* **EXERCISE**
Write out only the lines from the line that holds "The rule is" to the end of the listing below, inclusive, with the pictures omitted.

* **RECORDED INFORMATION**
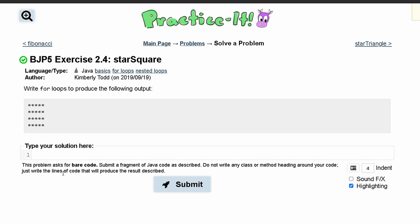In Practice It exercise 2.4 star square, we are asked to write for loops to produce the following output. So we are going to need a for loop encased inside of another for loop. What we are going to do on our outside for loop is look at how many rows we have.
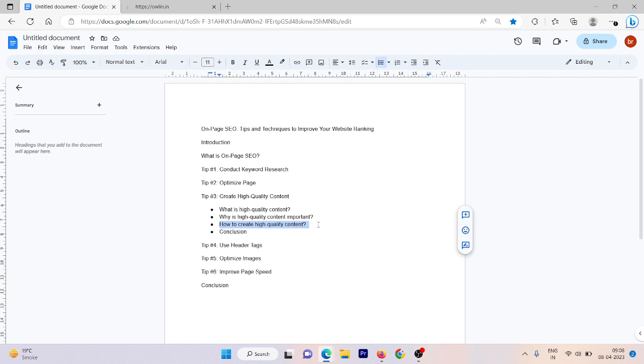So this is about creating high quality content. Creating high quality content is essential for SEO and it is not as difficult as you may think. By following these simple tips you can create content that offers real value to your readers, builds trust and credibility, and drives traffic to your website.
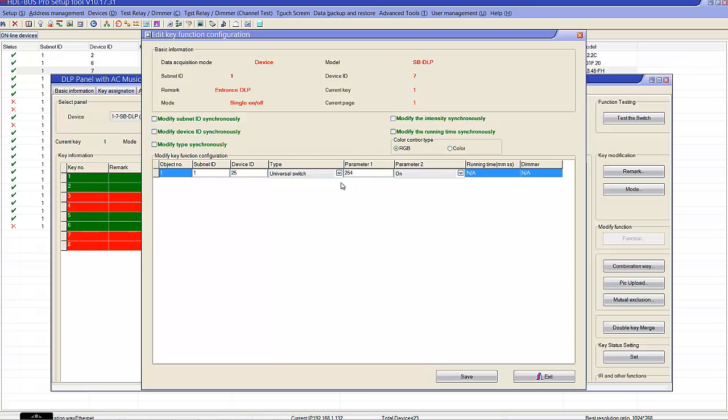Always use this universal switch if you have just one button and you want to control the curtains up and down and stop. This is the new feature being added to our curtain control module.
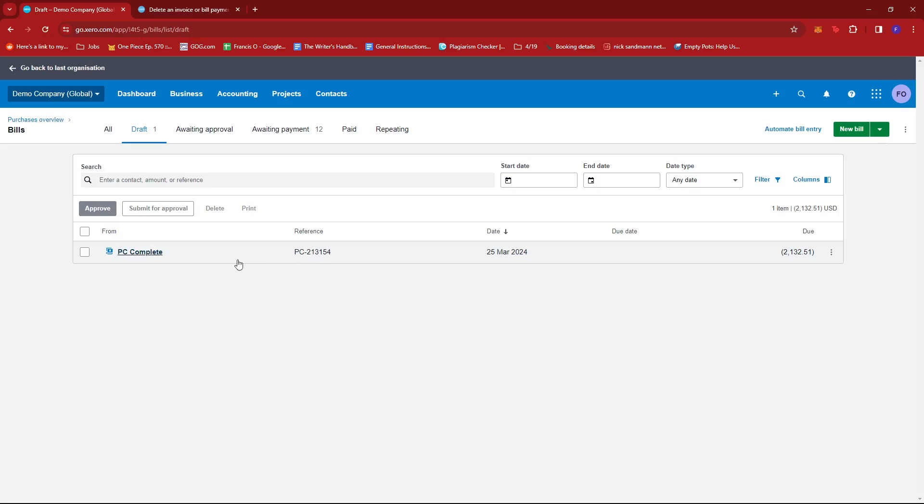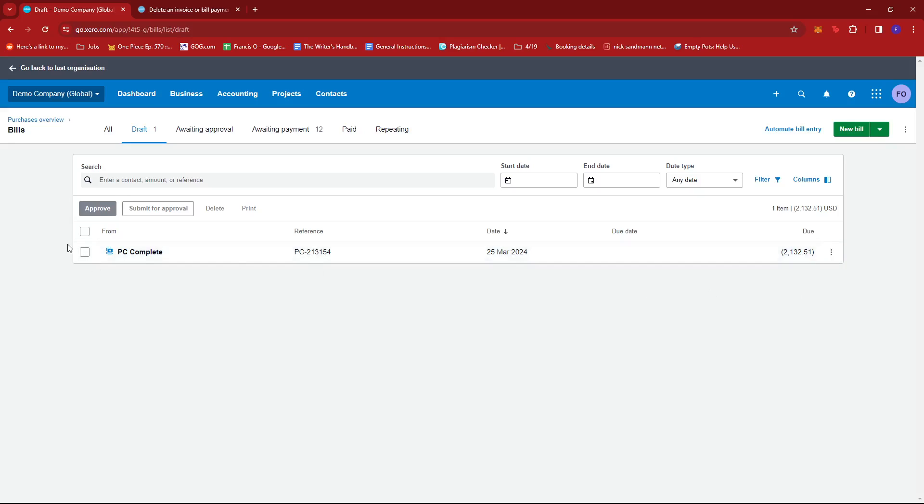Now, I can just go ahead and delete this by clicking on the three dots right here and then click delete. Or you can tick this box and then click delete over here.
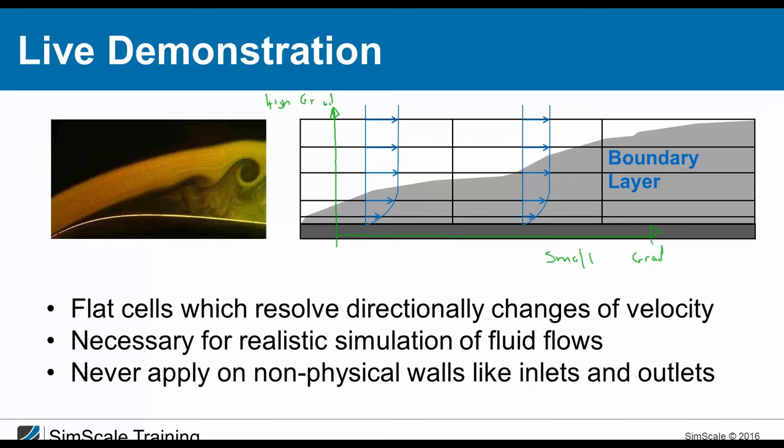The rule is simple: apply layer elements on every physical wall — every real existing wall — but never apply them on non-physical boundaries like inlets and outlets.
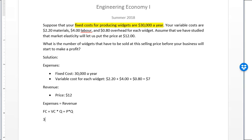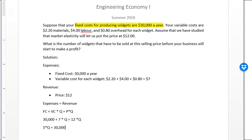Plugging in the values: $30,000 plus $7 times Q equals $12 times Q. Simplifying, 5 times Q equals $30,000, so Q equals 30,000 divided by 5, which is 6,000. This means if I sell 6,000 widgets in this year, I am neither at a profit nor a loss — that is the break-even point.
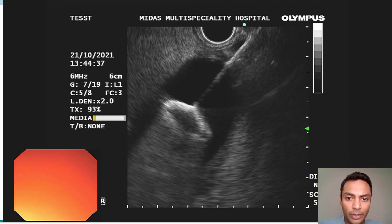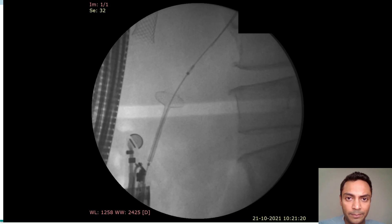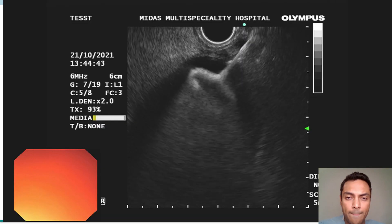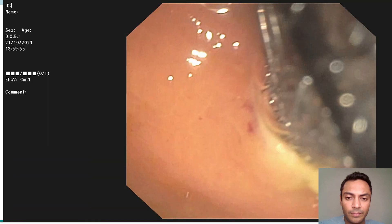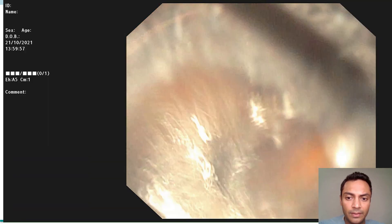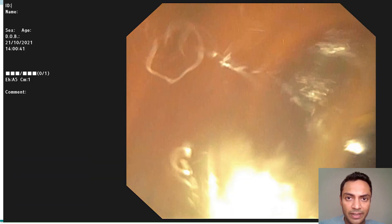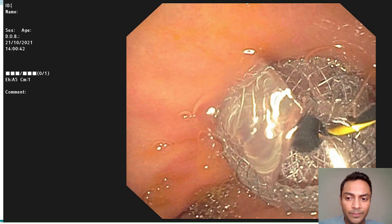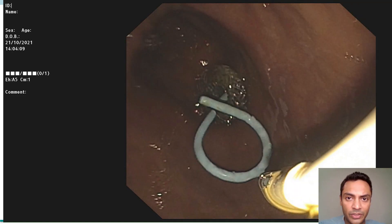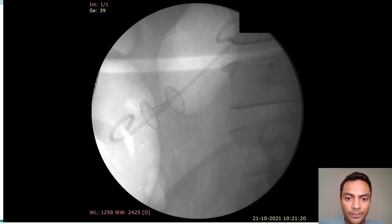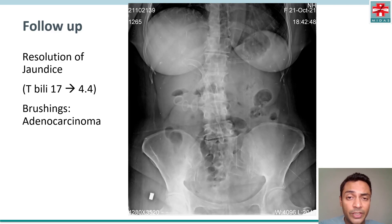The inner flange is deployed in the gallbladder. Next, the flange on the stomach side is deployed, and there was clear bile and pus seen coming out. On follow-up, she did fine. Her fever resolved, her pain improved, and her jaundice improved from 17 to 4.4.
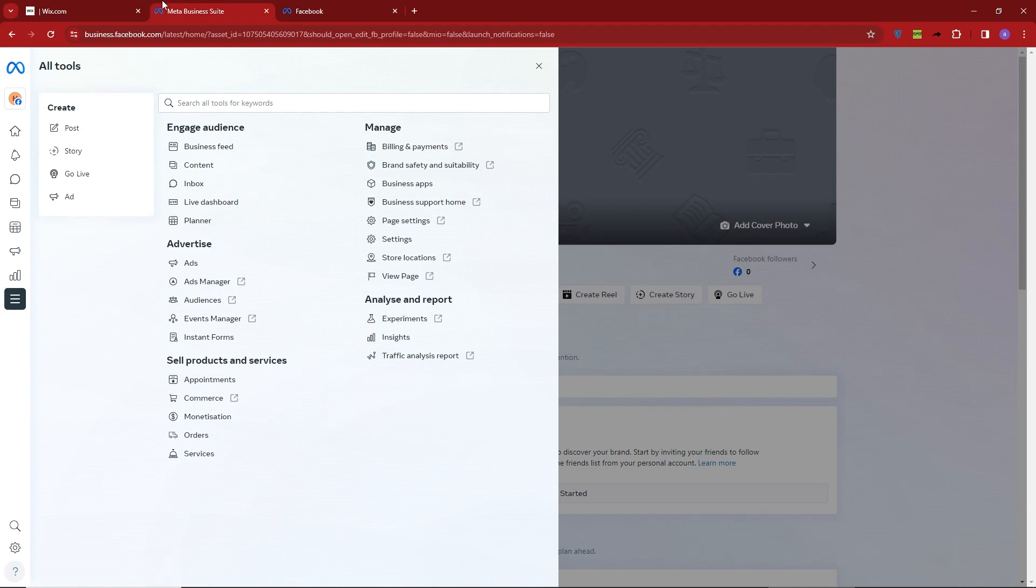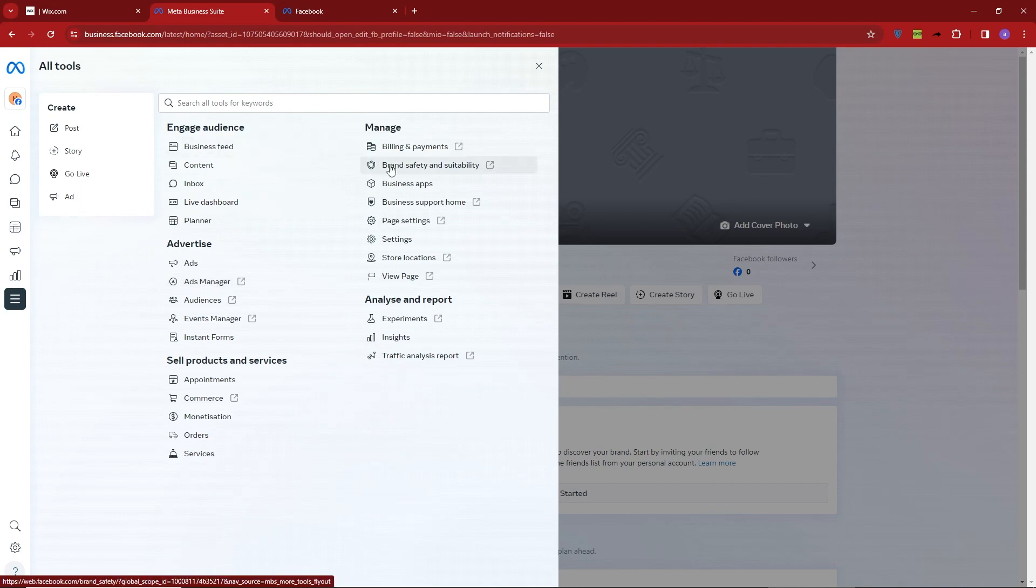Once you've completed this step, navigate to All Tools and then to Commerce within your Facebook Business Suite dashboard.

* **EXPECTED ANSWER**
The rule is simple: apply layer elements on every physical wall — every real existing wall — but never apply them on non-physical boundaries like inlets and outlets.
Plugging in the values: $30,000 plus $7 times Q equals $12 times Q. Simplifying, 5 times Q equals $30,000, so Q equals 30,000 divided by 5, which is 6,000. This means if I sell 6,000 widgets in this year, I am neither at a profit nor a loss — that is the break-even point.
The inner flange is deployed in the gallbladder. Next, the flange on the stomach side is deployed, and there was clear bile and pus seen coming out. On follow-up, she did fine. Her fever resolved, her pain improved, and her jaundice improved from 17 to 4.4.
Once you've completed this step, navigate to All Tools and then to Commerce within your Facebook Business Suite dashboard.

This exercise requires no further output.